Photodynamic therapy (PDT) is hampered by high oxygen dependence and off‐target phototoxicity, and existing tumor‐activatable strategies are severely plagued by the aggregation‐induced reactive oxygen species (ROS) quenching post‐activation. We herein resolve these challenges through pioneering a smart “nano‐isolation” strategy, synergized with aggregatin‐induced emission (AIE)‐hemicyanine (Hcy) photosensitizers with an aggregation‐gated ROS generation feature. Propelled‐type AIE motifs were introduced to planar Hcy derivatives to construct twisted donor‐π‐acceptor photosensitizers, among which MTPAON with the largest conformational twist exhibited the best AIE effect and the highest ROS generation, predominantly generating less oxygen‐dependent type I ROS. Crucially, MTPAON's ROS generation is gated by aggregation degree, where only tightly packed aggregates activate ROS generation. Leveraging this, we pioneered a “nano‐isolation” strategy by encapsulating MTPAON in glutathione (GSH)‐responsive nanoparticles at a high polymer ratio (SSPEG‐7 NPs). This nano‐isolation initially suppresses MTPAON's tight aggregation and silences ROS generation. Upon encountering tumor‐overexpressed GSH, SSPEG‐7 NPs disassemble and release MTPAON to form type I ROS‐competent aggregates in tumor cells.

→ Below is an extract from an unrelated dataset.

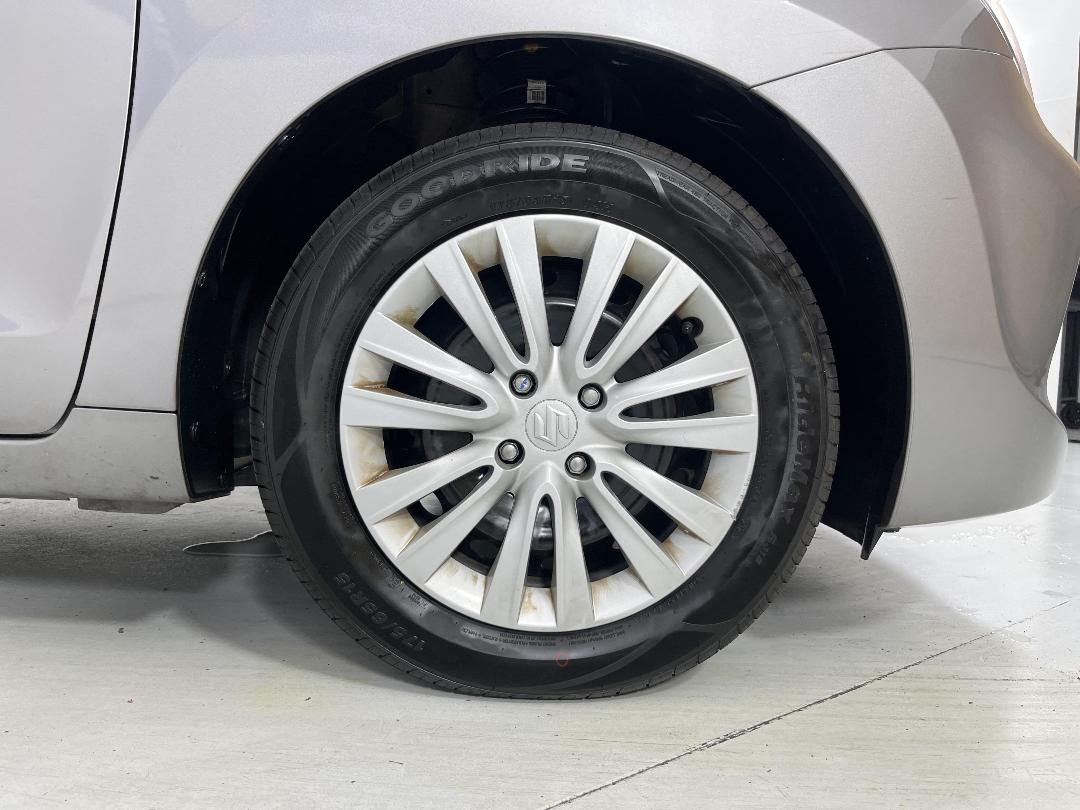 Photo '9' of Suzuki Baleno Photo '9' of Suzuki Baleno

SSPEG‐7 NPs thus demonstrated promising antitumor performance under low‐dose laser irradiation, while exhibiting negligible off‐target phototoxicity to normal tissues. This “nano‐isolation” strategy establishes a new paradigm for precision PDT: leveraging stimulus‐triggered aggregation to spatially control PDT activation, thereby reconciling the conflict between systemic safety and therapeutic potency.